The layout part of the process lasted a long time, but the typesetting system changed a lot. First, we got computers! Yes! The first ones we got were large and had tiny screens. Maybe six or seven inches diagonally. And the stories were saved on disk--on none-too-trusty, none-too-durable 5 1/2-inch floppy discs. Hey, it was the 1980s, and we were computerized! (They had a machine "retired" in the basement that used 8-inch floppies, which preceded the 5 1/2-inch varieties.)

Before long, our machines joined them in the scrap heap, and we got Apple Macintoshes. I think they were Mac IIs, with maybe a nine-inch diagonal monochrome screen--and a graphic interface. And they used 3 1/4-inch more-reliable, less-floppy floppies that stored more data. Woo! Way cool!

After a couple years, I even got a second-hand hard drive. Woo hoo! I could store 20 megs of stories and stuff, and it seemed like a lifetime supply! The only trouble with the Mac IIs is that the video would go out pretty often. I was regularly driving Macs off to the next city, which had a place that serviced them. Then they announced that were getting out of the Mac business.

So we converted to the IBM/Windows platform. I think that's around about the time we went to laser printers and gave the noisy, chemical-eating Compugraphic machines the heave-ho. We were networked and could print on the same printer. (After a while, though, we realized that several printers would be better.)

Over the years, the computers went from Windows 95 to Win 98 to Win XP. I think my present-day computer was originally one of the Win 98 machines, but it's been upgraded to XP now. We got the Win 98 machines from a local distributor, and most of us on the staff had the same opinion about them: They were cheap and crappy.

Most of them are gone now; I think mine and the receptionist's are the last ones left. The others have gotten Dells, complete with thin-screen monitors. Good for them. In due time, I'll get a nice, fast, new one with gobs of memory, too. (I think that's what convinced me to go for a little extra when I ordered my own new desktop for home, with lots of memory, a dual-core processor and a 20-inch widescreen monitor. Ooh, that's the only way to fly!)

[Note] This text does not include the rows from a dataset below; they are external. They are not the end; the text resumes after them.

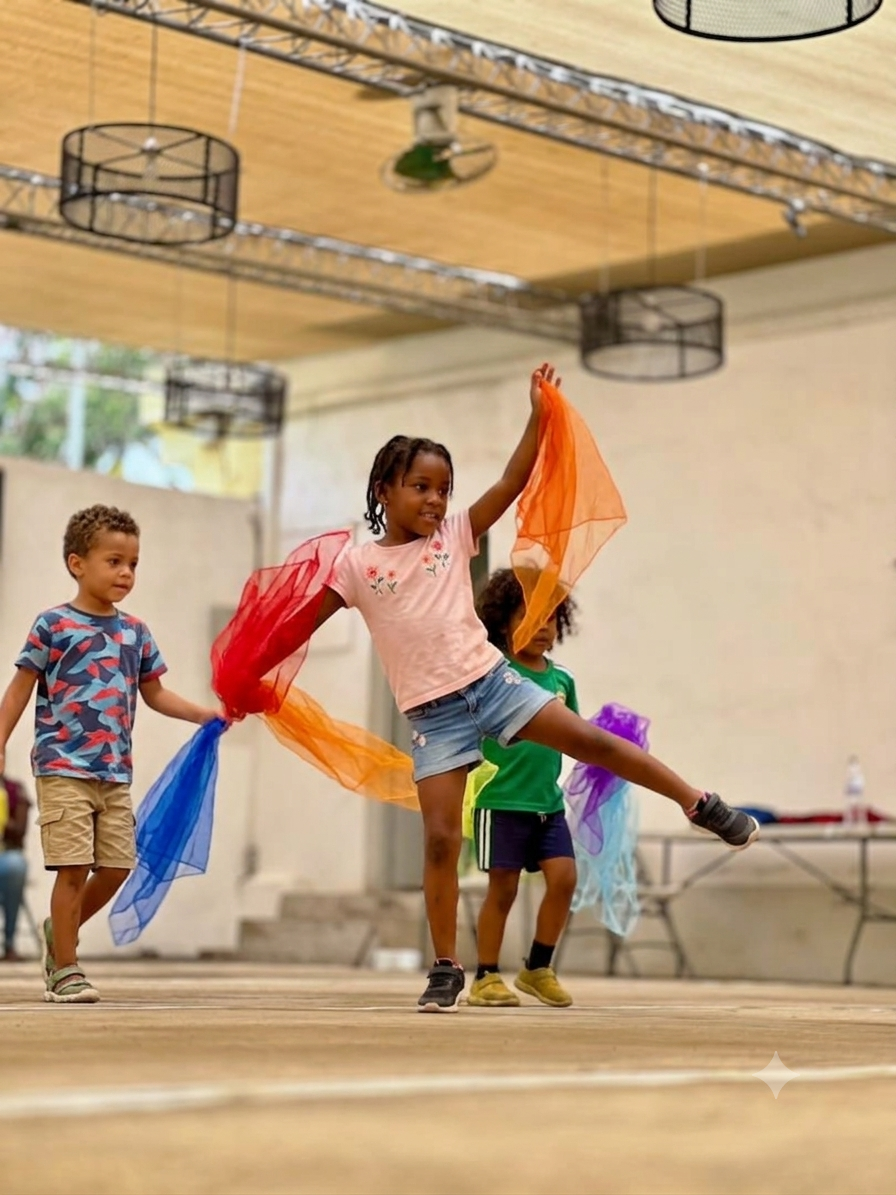 Enfants pratiquant les arts du cirque
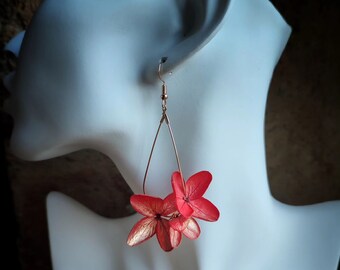 Boucles d’oreilles en fleurs stabilisées rouge et or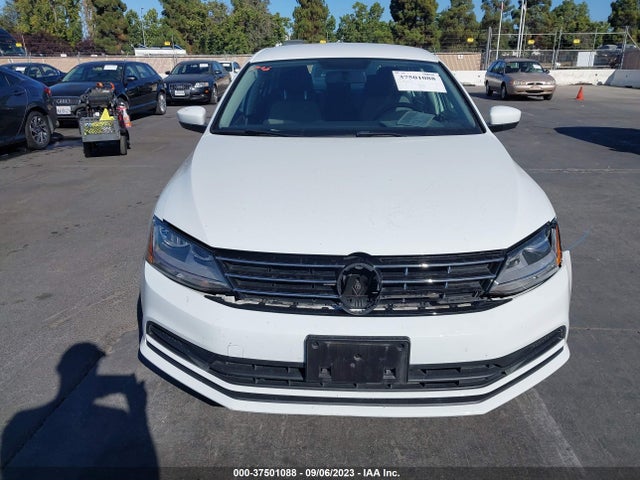 3VW2B7AJ6JM263558 Volkswagen Jetta 1.4t S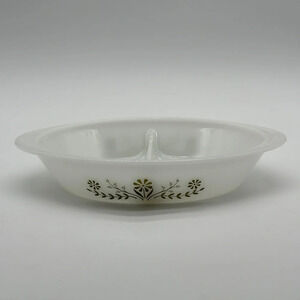 Vintage Glasbake White Green Daisies Divided Casserole Dish J2352
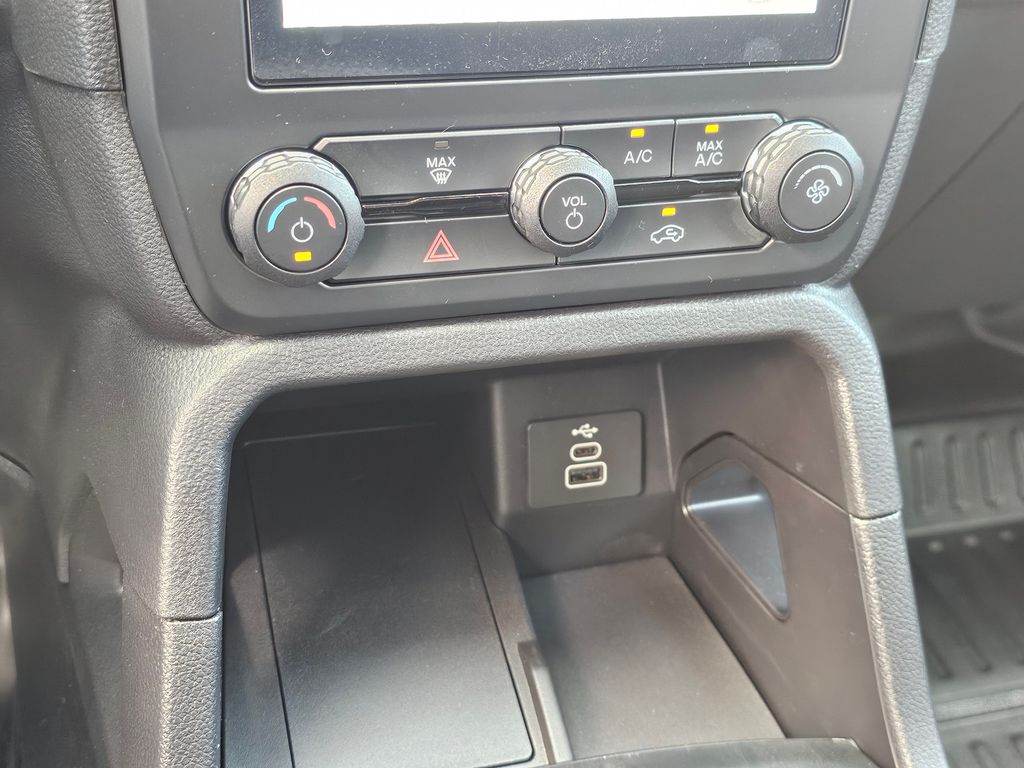 New 2025 Black Ford XL image 34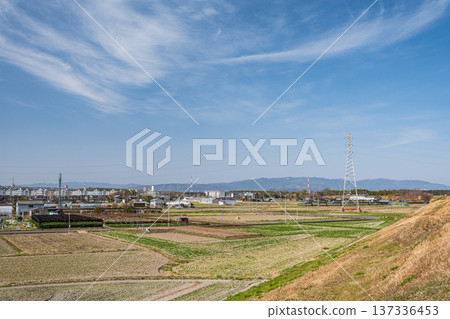 京都府京田邊市春季鄉村景色 京都府京田邊市春季鄉村景色 137336453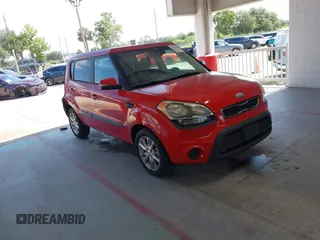 2013 Kia Soul + z VIN KNDJT2A63D7536836, wystawiony jako IAAI lot #42341811 z przebiegiem 118 226 mil mil oraz . Historia ofert i sprzedaży dostępna na DreamBid. Obrazek 1.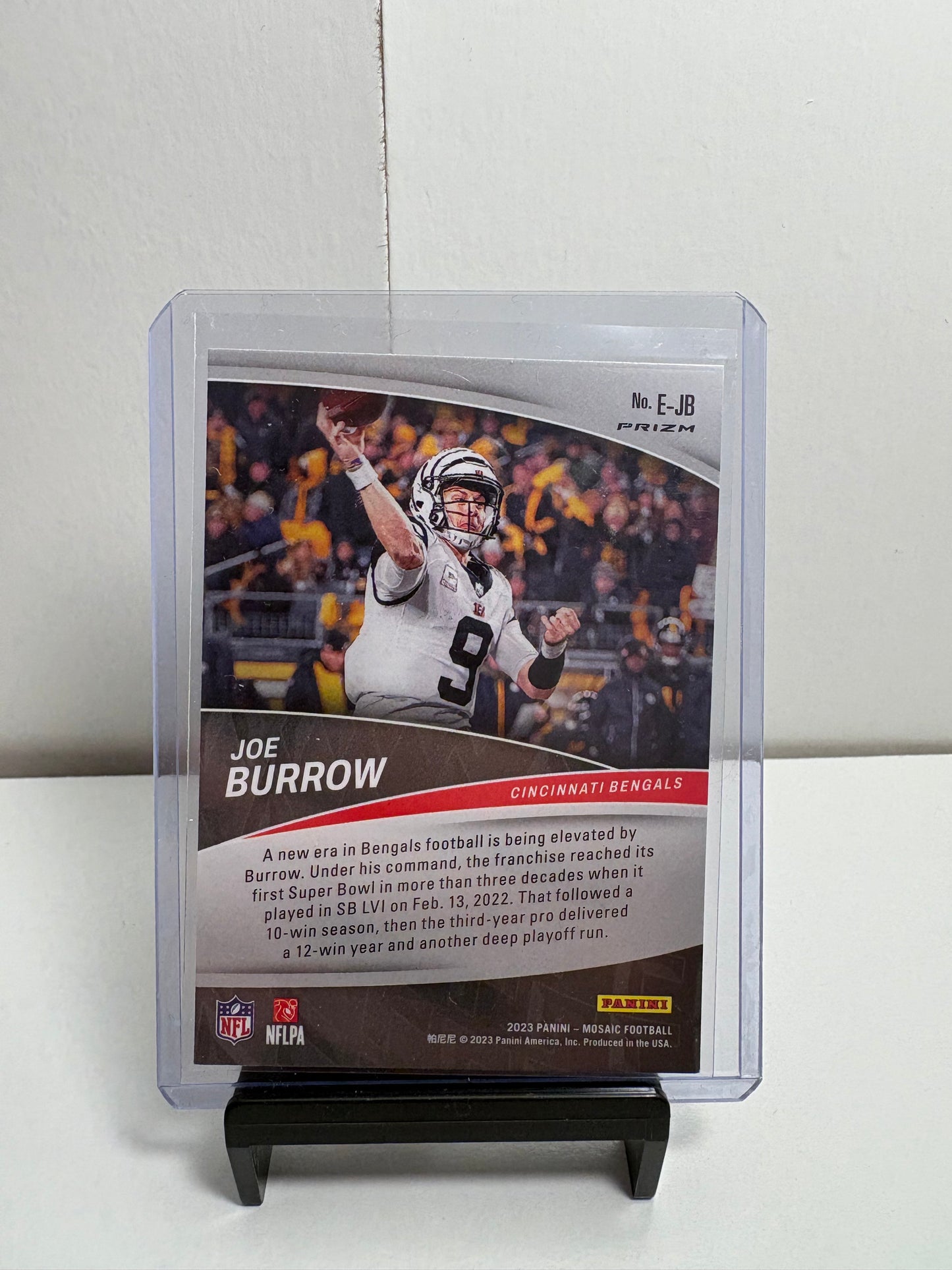 Lot of 2 Joe Burrow Football Cards
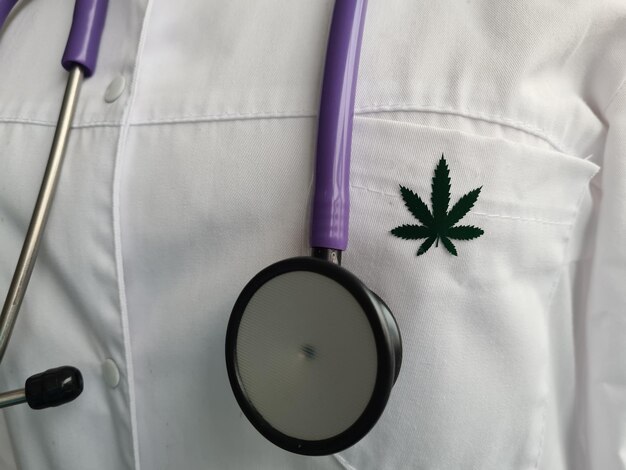 ポケットにマリファナのシンボル医療コンセプトを持つ医師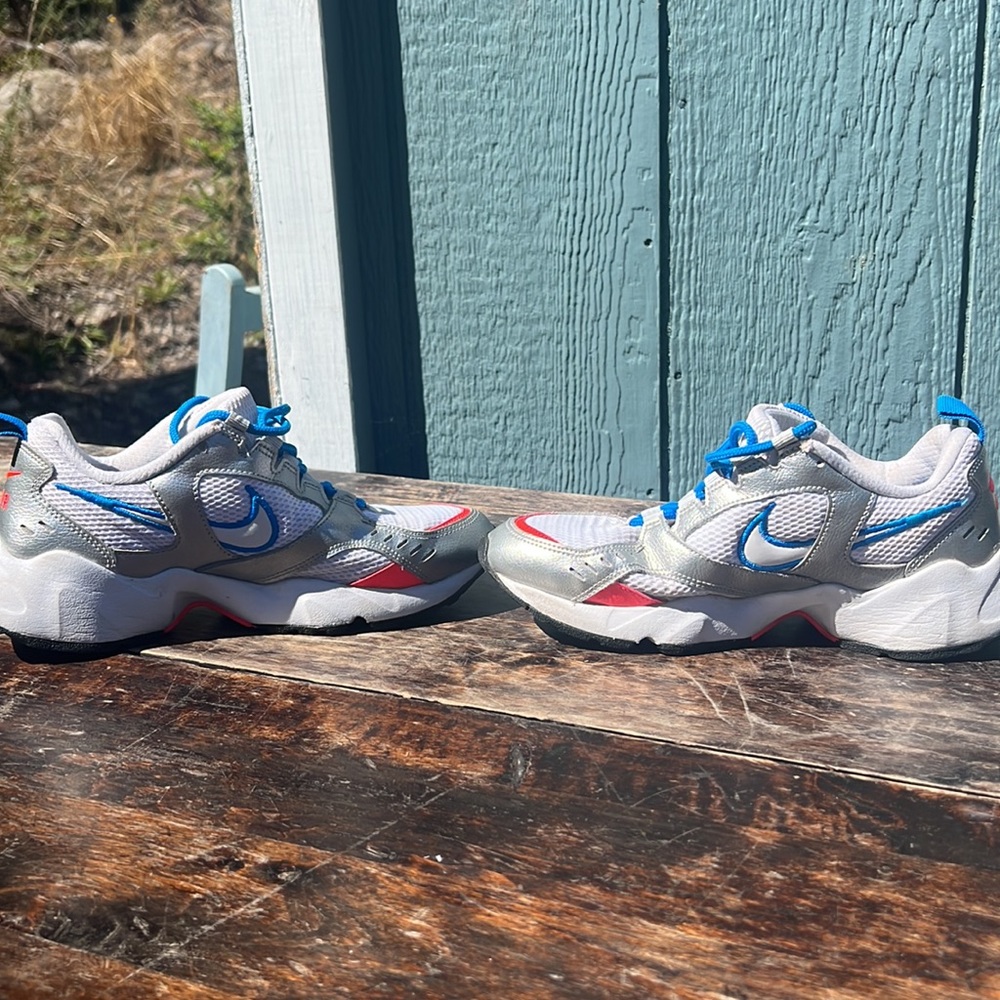 Nike Air “Heights” lightweight running shoes all day everyday comfort clean sz 8 - Picture 4 of 11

In line with our conversion to digital photography (which was planned as the original topic of this entry--well, maybe next time), about two years ago we made the final break from the past. No more dummy pages. No more waxer. No more scissors work. We went to desktop publishing, and now we lay out our pages inside the computer. We are using Adobe Pagemaker 7 for that. Yes, Adobe's flagship desktop publishing program today is InDesign, but we haven't made that move yet. I think my company's (ahem!) frugality (that's the nice word for it) has something to do with it. But time will catch up with them, as it always does.

The guy who came over for a one-day training session told us, "In a few weeks, you won't ever want to go back." He was quite accurate there. As I wrote this, it took a while to remember all the miniscule steps and the sundry frustrations with the old process. Such as when a story went for a swim in the waxer, and you had to print out a new one at the other end of the office. When sharp scissors were in short supply or gummed up with wax. When you had to cut up stories so they would look nice on the page--physically creating space between paragraphs--and when you had to revise your layout when things didn't work out as hoped. When you discover that you had gotten parts of scissored-up stories out of order.

It's a dim memory already, and it's getting dimmer all the time. No, I don't miss it. Times change, and we have to, too.